On August 14, 1990, Tendukar had to stand up and deliver with his side in some trouble against England in a Test match at Manchester. Chasing 408 on the final day, the visitors were tottering at 183/6 with the likes of skipper Mohammad Azharuddin, Kapil Dev and Dilip Vengsarkar dismissed.
Having scored a fluent 68 in the first innings where Azharuddin scored 179, the youngster now needed to do find something extra to stop his team from going 2-0 down in the series. And that’s exactly what he did. The teenager went on to score an unbeaten 119 and crucially bat out the remaining overs to help India draw the Test.

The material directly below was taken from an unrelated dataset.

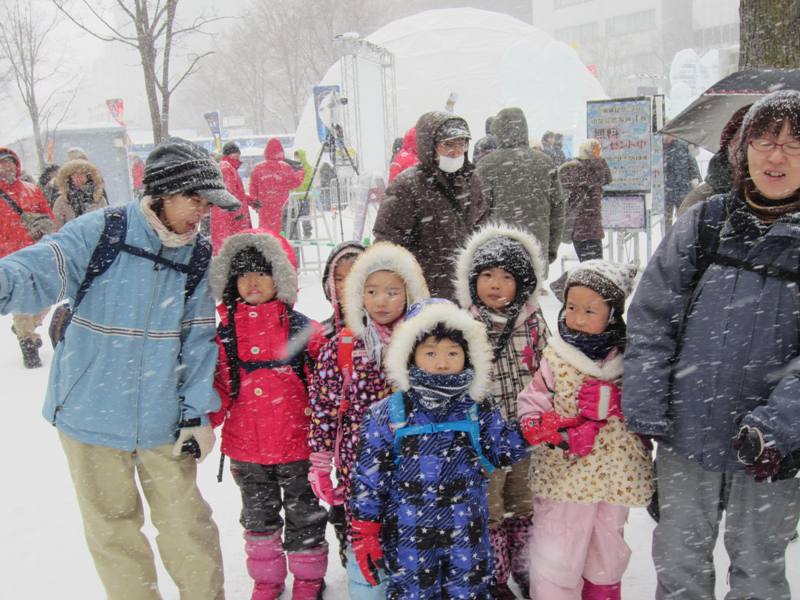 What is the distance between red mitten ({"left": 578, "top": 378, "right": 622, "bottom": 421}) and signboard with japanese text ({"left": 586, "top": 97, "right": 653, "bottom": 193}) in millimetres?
7174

Beyond all that, however, what Tendulkar remembered too that day is the dread of attending his first press conference at the end of it all. A 17-year-old had to face up to the media after his first player of the match award at the international level.
“Not to forget that that was my first man of the match and that’s why I had to go and attend the press conference,” Tendulkar had said on his YouTube channel.

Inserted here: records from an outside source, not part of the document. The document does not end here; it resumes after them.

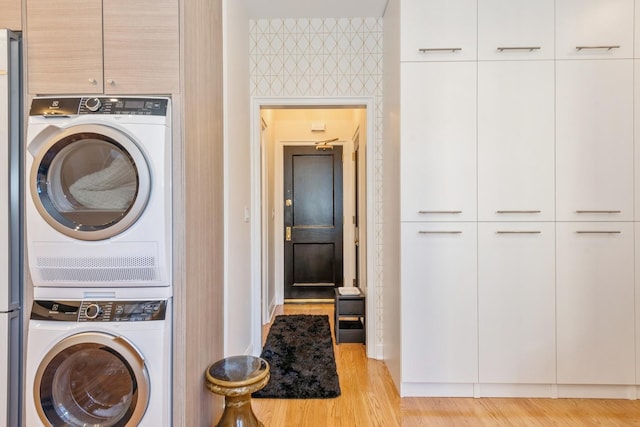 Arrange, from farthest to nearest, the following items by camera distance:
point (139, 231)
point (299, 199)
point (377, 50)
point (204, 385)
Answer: point (299, 199)
point (377, 50)
point (204, 385)
point (139, 231)

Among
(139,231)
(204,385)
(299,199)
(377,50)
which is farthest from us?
(299,199)

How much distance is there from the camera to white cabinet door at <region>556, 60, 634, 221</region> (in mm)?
2111

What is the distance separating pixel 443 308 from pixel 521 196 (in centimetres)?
87

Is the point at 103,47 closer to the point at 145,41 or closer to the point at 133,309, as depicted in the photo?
the point at 145,41

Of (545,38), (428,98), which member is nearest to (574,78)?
(545,38)

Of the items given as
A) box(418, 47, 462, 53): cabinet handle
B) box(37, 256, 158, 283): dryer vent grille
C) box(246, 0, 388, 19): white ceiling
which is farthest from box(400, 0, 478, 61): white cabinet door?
box(37, 256, 158, 283): dryer vent grille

“Now this was a new thing for me, I was not familiar with it and everyone in the dressing room scared me to bits like you will not believe. Whoever came next to me said, ‘oh, a press conference, you are in trouble’. But that time Madhav Mantri sir was there [India’s manager on that tour] who was quite old at that time, I think he was almost close to 70 or so [one month short of 70, actually]. So he put him put his arm around me and said ‘you don’t worry I’ll come with you and I’ll make sure that everything’s fine, don’t worry’ and that is how my first press conference took place... all-in-all, a fabulous memory.”
Another fleeting moment that one would remember from the Boost commercial was Tendulkar ducking to a bouncer that took an edge. It is a moment he remembers too decades later.

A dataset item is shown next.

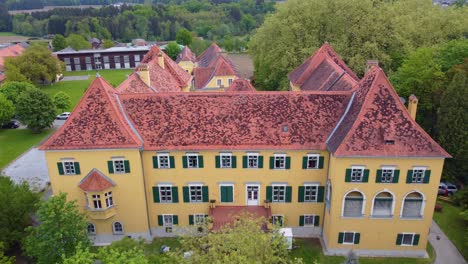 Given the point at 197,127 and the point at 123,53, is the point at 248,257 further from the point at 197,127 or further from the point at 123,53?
the point at 123,53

“I precisely remember it, I was batting in 80s when Angus Fraser came in and bowled a bouncer to me, which I ducked under and it hit the back side of the bat and the ball went to fine leg fielder... we got a single for that. And at that point of time I remembered, the tour of New Zealand which was the previous tour, in the second test match I got out on 88. I immediately remembered ‘oh last time I got out in the 80s and here again I’m in the 80s.. fortunately I moved on to the 90s and got that hundred, stayed not out and above all kept the series alive, which was really important for us.”— Sachin Tendulkar's YouTube channel
Indeed, there was a bit of a wait for Tendulkar to get to this first century. He was destined to score one soon after making his debut as a 16-year-old, but the record for the youngest to do so, came and went. When he toured England after his debut tour of Pakistan followed by New Zealand, perhaps he did not have that burden on him anymore. It was a chance to show just how good he was, still as a teenager and he played an innings that well and truly marked the arrival of the kid on the biggest of stages.
The first of many, of that there was no doubt... but little did we know it would be the first of a hundred hundreds.